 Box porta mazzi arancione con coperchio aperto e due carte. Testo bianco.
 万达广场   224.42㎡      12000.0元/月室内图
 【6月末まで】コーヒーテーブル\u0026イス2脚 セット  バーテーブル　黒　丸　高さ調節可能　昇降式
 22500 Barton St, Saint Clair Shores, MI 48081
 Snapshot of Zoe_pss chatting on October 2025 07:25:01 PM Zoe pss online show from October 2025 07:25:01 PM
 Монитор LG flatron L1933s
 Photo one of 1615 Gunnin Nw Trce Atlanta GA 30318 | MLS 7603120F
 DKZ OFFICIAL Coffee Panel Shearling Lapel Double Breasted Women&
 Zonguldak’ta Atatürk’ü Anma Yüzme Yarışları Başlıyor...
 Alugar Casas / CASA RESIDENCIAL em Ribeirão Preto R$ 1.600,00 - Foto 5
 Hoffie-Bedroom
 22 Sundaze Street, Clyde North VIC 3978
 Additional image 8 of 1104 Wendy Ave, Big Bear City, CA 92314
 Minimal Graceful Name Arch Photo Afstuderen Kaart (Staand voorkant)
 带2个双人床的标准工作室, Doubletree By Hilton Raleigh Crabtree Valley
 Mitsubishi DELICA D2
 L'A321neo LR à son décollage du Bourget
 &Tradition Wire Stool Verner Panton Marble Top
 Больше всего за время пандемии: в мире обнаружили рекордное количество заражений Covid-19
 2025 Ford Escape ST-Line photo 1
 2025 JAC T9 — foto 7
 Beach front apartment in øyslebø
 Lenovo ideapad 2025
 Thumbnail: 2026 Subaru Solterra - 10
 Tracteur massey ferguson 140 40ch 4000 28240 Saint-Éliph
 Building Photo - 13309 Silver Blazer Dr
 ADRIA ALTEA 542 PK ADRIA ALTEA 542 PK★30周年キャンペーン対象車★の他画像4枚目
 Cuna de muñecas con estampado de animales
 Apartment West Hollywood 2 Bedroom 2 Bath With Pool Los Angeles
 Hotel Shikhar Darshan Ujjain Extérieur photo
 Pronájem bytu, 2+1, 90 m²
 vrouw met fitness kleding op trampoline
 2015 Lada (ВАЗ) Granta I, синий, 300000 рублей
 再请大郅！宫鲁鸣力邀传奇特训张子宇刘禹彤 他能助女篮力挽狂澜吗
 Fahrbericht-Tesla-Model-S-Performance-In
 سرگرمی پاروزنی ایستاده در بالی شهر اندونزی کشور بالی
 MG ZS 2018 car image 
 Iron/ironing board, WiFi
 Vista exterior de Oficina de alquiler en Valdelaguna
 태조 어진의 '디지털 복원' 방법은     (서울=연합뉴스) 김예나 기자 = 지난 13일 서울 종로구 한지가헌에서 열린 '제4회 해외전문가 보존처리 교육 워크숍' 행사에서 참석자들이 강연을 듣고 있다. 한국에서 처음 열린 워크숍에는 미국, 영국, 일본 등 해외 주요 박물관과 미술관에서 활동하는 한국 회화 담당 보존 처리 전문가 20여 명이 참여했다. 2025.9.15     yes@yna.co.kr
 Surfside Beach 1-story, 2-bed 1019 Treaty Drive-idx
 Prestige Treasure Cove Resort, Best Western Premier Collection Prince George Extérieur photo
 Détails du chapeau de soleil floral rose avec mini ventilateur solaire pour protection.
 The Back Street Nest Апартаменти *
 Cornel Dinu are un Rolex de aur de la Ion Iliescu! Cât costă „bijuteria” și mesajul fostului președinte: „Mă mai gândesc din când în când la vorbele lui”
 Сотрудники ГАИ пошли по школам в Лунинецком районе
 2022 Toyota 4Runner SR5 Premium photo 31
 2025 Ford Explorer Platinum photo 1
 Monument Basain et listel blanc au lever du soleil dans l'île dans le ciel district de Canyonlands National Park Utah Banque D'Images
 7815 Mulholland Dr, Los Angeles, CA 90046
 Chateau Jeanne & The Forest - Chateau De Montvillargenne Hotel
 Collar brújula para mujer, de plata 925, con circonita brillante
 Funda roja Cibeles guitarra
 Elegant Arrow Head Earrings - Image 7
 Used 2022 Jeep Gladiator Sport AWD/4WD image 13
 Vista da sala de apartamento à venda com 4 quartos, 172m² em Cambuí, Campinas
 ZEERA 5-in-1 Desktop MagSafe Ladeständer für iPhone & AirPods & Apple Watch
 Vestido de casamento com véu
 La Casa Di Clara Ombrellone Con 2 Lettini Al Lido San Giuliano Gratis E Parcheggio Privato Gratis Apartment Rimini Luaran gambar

----

EXERCISE DETAILS | The response should be the lines from the one containing "Prestige Treasure Cove" through the last line of the data, set down exactly and with no other line.

ANSWER TO THE EXERCISE |
 Prestige Treasure Cove Resort, Best Western Premier Collection Prince George Extérieur photo
 Détails du chapeau de soleil floral rose avec mini ventilateur solaire pour protection.
 The Back Street Nest Апартаменти *
 Cornel Dinu are un Rolex de aur de la Ion Iliescu! Cât costă „bijuteria” și mesajul fostului președinte: „Mă mai gândesc din când în când la vorbele lui”
 Сотрудники ГАИ пошли по школам в Лунинецком районе
 2022 Toyota 4Runner SR5 Premium photo 31
 2025 Ford Explorer Platinum photo 1
 Monument Basain et listel blanc au lever du soleil dans l'île dans le ciel district de Canyonlands National Park Utah Banque D'Images
 7815 Mulholland Dr, Los Angeles, CA 90046
 Chateau Jeanne & The Forest - Chateau De Montvillargenne Hotel
 Collar brújula para mujer, de plata 925, con circonita brillante
 Funda roja Cibeles guitarra
 Elegant Arrow Head Earrings - Image 7
 Used 2022 Jeep Gladiator Sport AWD/4WD image 13
 Vista da sala de apartamento à venda com 4 quartos, 172m² em Cambuí, Campinas
 ZEERA 5-in-1 Desktop MagSafe Ladeständer für iPhone & AirPods & Apple Watch
 Vestido de casamento com véu
 La Casa Di Clara Ombrellone Con 2 Lettini Al Lido San Giuliano Gratis E Parcheggio Privato Gratis Apartment Rimini Luaran gambar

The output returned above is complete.